Waking Ned (1998)

D: Kirk Jones
S: Ian Bannen, David Kelly

Worthless comedy shot in the Isle of Man but set in Ireland which attempts to capture the feel of Ealing films from forty years ago, but fails miserably to achieve their tone, pace and humour. This film is transparently desperate in its appeal to sentimentality and it is offensive in assuming that the sight of Ian Bannen and David Kelly romping naked on a motorbike along the roads of an ersatz Ireland is actually funny. Its makers seem to presume that audiences will allow any amount of bad dialogue, poor plotting and mawkish drivel to pass for entertainment in the name of 'old fashioned' comedy, and that playing the Irish card will excuse the absence of any kind of intelligence.

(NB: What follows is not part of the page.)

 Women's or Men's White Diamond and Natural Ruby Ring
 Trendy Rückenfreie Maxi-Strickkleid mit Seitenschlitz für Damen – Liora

The plot has promise: a small Irish village conspires to defraud the National Lottery when one of their number dies upon finding he has won a £7 million jackpot: but the plotting is appalling, the pace is dead slow and the central gag (which is well known from trailers and advertising) is not revealed until far too many utterly uninteresting sub-plots have been set in motion. One concerns the laughably simplistic courtship between a single mother and a pig farmer. She rejects him, believe it or not, because he smells bad (realistic and authentic characterisation...). Another bizarrely follows the conversations between a substitute priest and a small boy which don't really have anything to do with anything. They certainly do not advance the plot and neither character is significant in terms of the film's final punchline. The main plot then trundles along on a very expositional level, and little genuine comedy arises out of what would seem a ripe situation. Nothing very much actually happens other than what is evident from the outset, and the film fails to generate interesting, let alone funny, situations arising from its central conceit.

Writer/director Kirk Jones (whose experience to date has been in commercials) has been completely unable to get past what was obviously the financial pitch for the project. The script does not deliver even the most basic level of storytelling upon which to build larger themes, and Jones then directs with all seriousness scenes which would seem out of place in amateur theatre in terms of their psychological sophistication. Everything takes much too long to transpire, and the heavy-handed set ups for big comic scenes rob the scenes themselves of any pleasure when they finally occur. Not that there was much to laugh at anyway. As mentioned earlier, many of the laughs centre on the nudeness of old men, which is humiliating to Ian Bannen and David Kelly and insulting to the people Jones assumes would find it funny. The film's final big slapstick scene involves the comic-book death of another elderly person, and most of what falls in between depends on the acting ability of its experienced leads to even appear amusing despite the evident contempt in which it holds their characters.

Waking Ned is among the worst films ever made on or about Ireland and the Irish (comparable with Gold in the Streets), and is simply a dreadful piece of film writing and direction even apart from any considerations of what it suggests about Ireland. This is the kind of crud which slips through the production net thanks to some backstage packaging and manages to find a gullible audience by virtue of marketing: in short it represents all that is worst about cinema. Sponsored by the Isle of Man Film Commission and by French Television, this reeks of a tax write off cashing in on a wave of interest in 'Irish' films. It would have been set in Germany if the money had come from there, or in the Outer Hebrides of that was the flavour of the month at whatever film festival pub this rubbish was dreamt up at. Its cynical contempt for the people who pay to see it is evident in its absolute falsity, and it is baffling that it has received sympathetic reviews on its U.S. release (where it was called Waking Ned Devine). Perhaps this is the final terrible irony: its makers are probably laughing all the way to the bank, which is more than the audience can do. This is boring, unfunny garbage, and it knows you're a fool for watching it. It is insulting, offensive and completely without the kind of heart which made Ealing films so enduring. Avoid it.